ここではないどこかへ行きたい、ここではないどこかで住みたいという願望が心に浮かぶことがあります。
8歳のニコラは南の国から父の故郷である北の国で10日間だけの夏休みを過ごすとこになります。
ニコラはそこで父と仲の良かったカワウソのおじいさんと出会うのです。
父と仲の良かった「カワウソの」とあるので、本物のカワウソではなく、カワウソと縁のあるおじいさんなのかと思ったのですが、小さい時に一人ぼっちになった本物のカワウソでした。

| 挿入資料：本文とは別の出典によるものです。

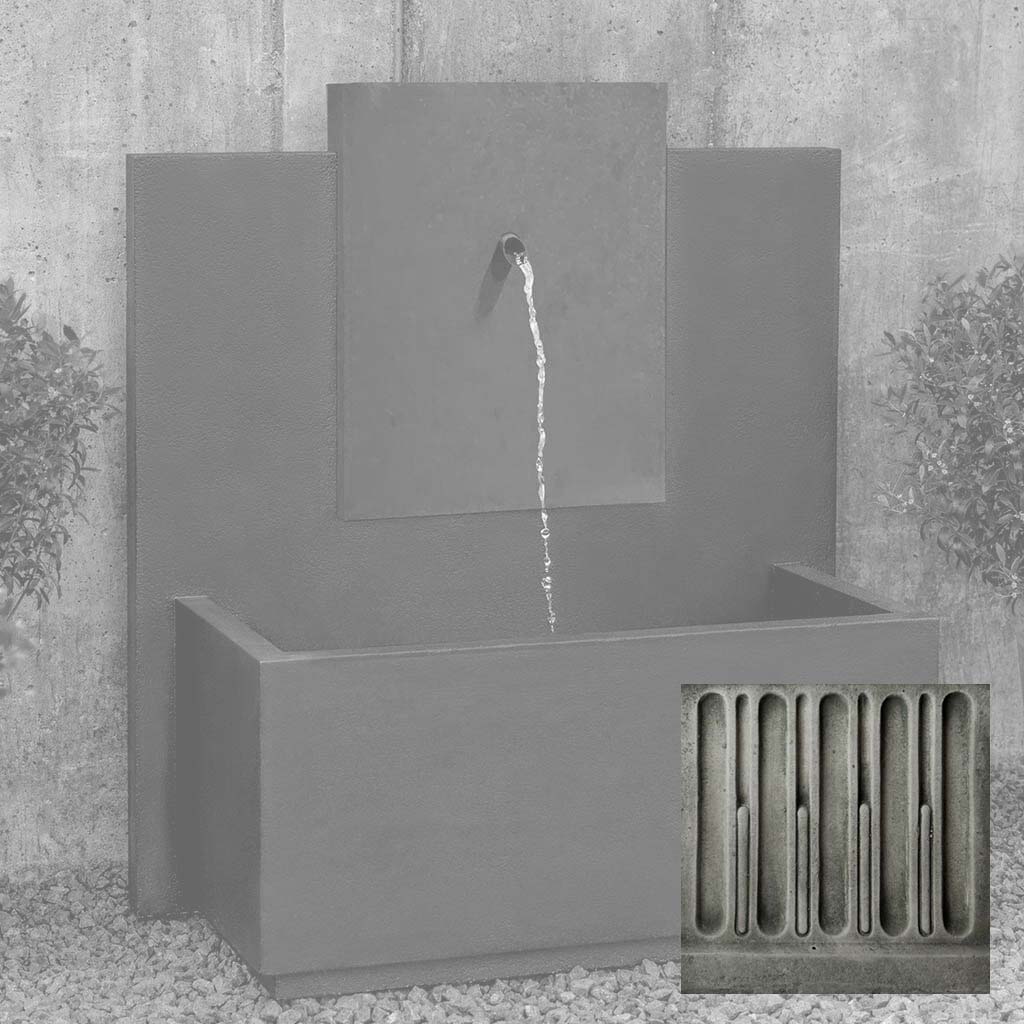 MC-3 Fountain - Corten Steel Face
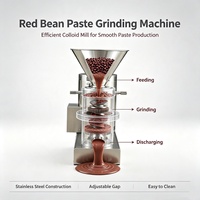 Machine électrique pour la fabrication de tahini de sésame, moulin à beurre de cacahuètes, moulin colloïdal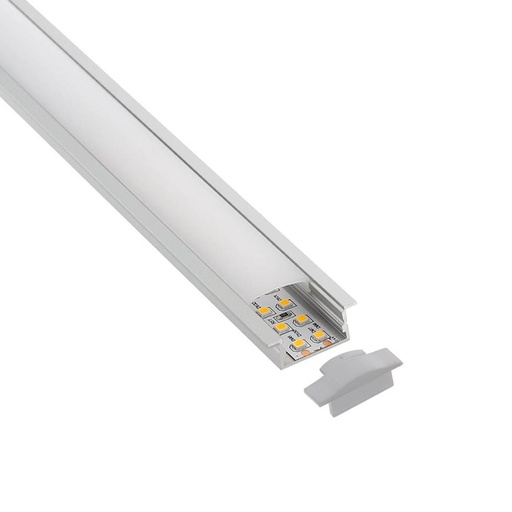 [PERFIL LED EMB ALU 3] PERFIL LED EMBUTIR ALUMINIO PEAL1010B 3M NATURICA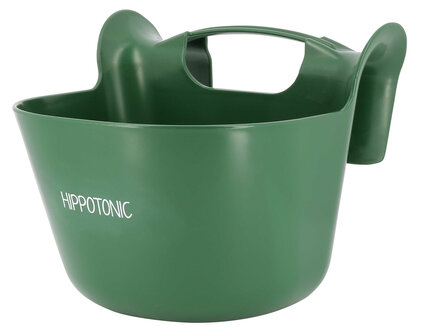 HippoTonic draagbare voerbak 13,5 liter groen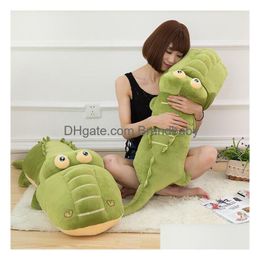 Stuffed Animal P Toy Soft Custom Pillow Large Clogodile Slee Craft For Kid Christmas Gift Cute Pies Cartoon Drop Delivery Dhnk1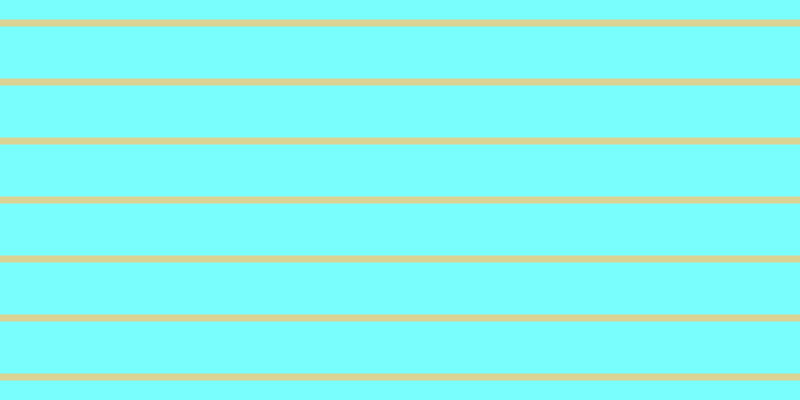 #79fdfd, #dbd393 horizontal lines, seven pixels wide, fifty-two pixels apart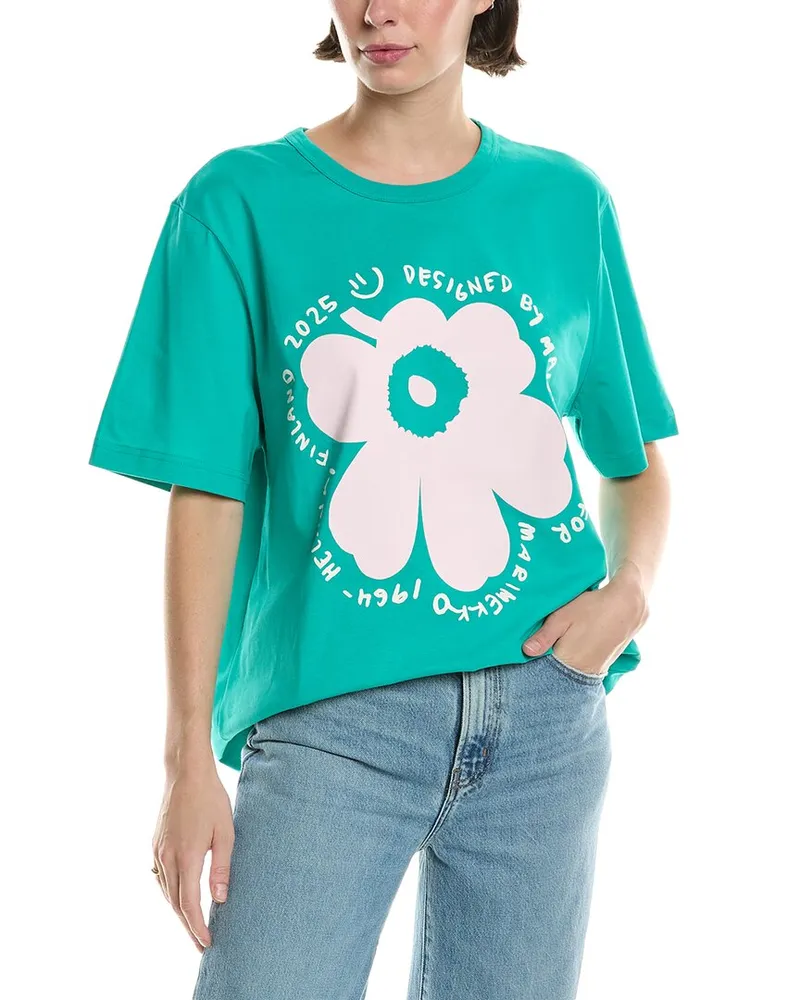 Marimekko Vihne Unikko T-Shirt Green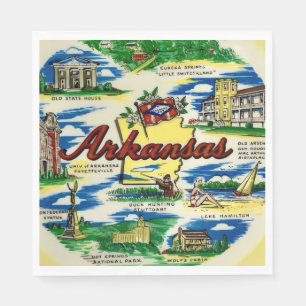 Arkansas Staatsfeest Servet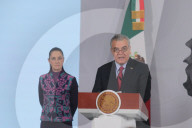 Mexico’s President Claudia Sheinbaum Holds Briefing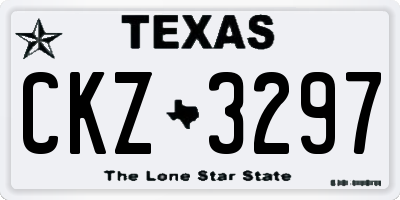 TX license plate CKZ3297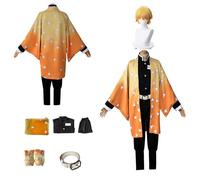 LOUYBCT Costume cosplay da anime A'gatsuma Z'enitsu con parrucca completo di uniforme per bambini per giochi di ruolo per danza palcoscenico carnevale Halloween Natale e feste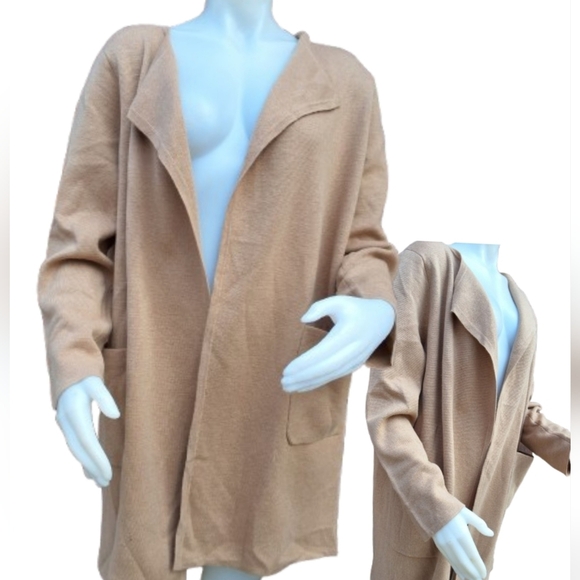 J, Crew  Transitional Open Natural Open Cardigan M - Picture 1 of 12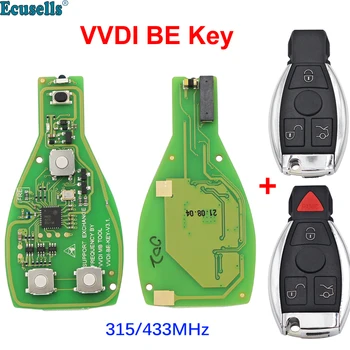XHORSE VVDI FI Cheia Pro pentru Mercedes Benz V3.1 PCB de la Distanță Chip Versiune Îmbunătățită Smart Key 315/433MHz Pot face Schimb de MB BGA Token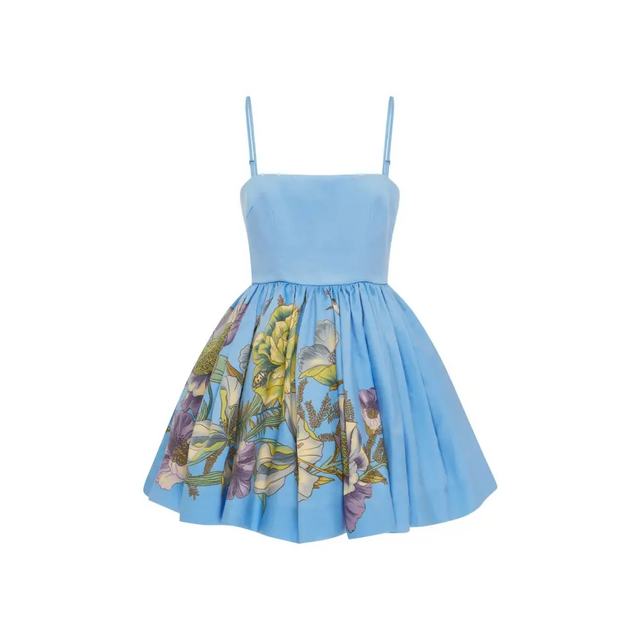Alemais Donata Mini Dress Blue Size 8 & 12 - Dresses
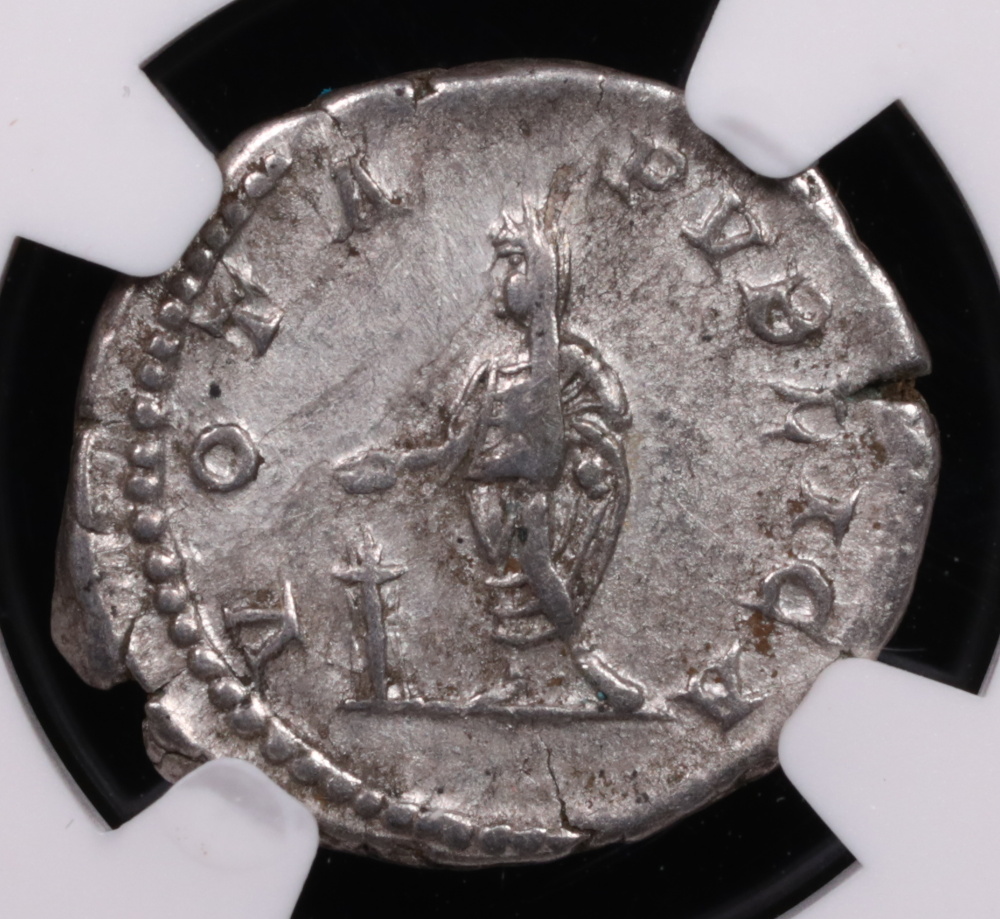 Geta Roman Silver Denarius Choice Very Fine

カワウソのおじいさんの言葉でとても印象的な言葉があります。「自分にむいとると思うところへ行くのがよいのじゃよ。しらないところでくらしてみるのもわるくない。そのうちにまた、もとのところに帰ってきたくなったらねそれもよしじゃよ」
この本を書かれた山口智子さんは1960年から79年まで、絵を担当した堀内誠一さんは1973年から81年までフランスに滞在。本が出版されたのは、1984年です。
そんなことを考えると、カワウソじいさんの言葉は、フランスで滞在経験のあるお二人の気持ちと私は勝手に重ねてしまいました。
人生の中には、夢のような幻のように存在する何日かもしくは何カ月、何年という時間が存在するような気がします。
このニコラが経験した10日間も、そんな夢のような幻のような時間だったのかもしれないと、読んだ後ふっと思いました。
見返しにはこの本に出てくる地図が描かれています。その地図を見るとこの話は本当だったのかもと思えてきます。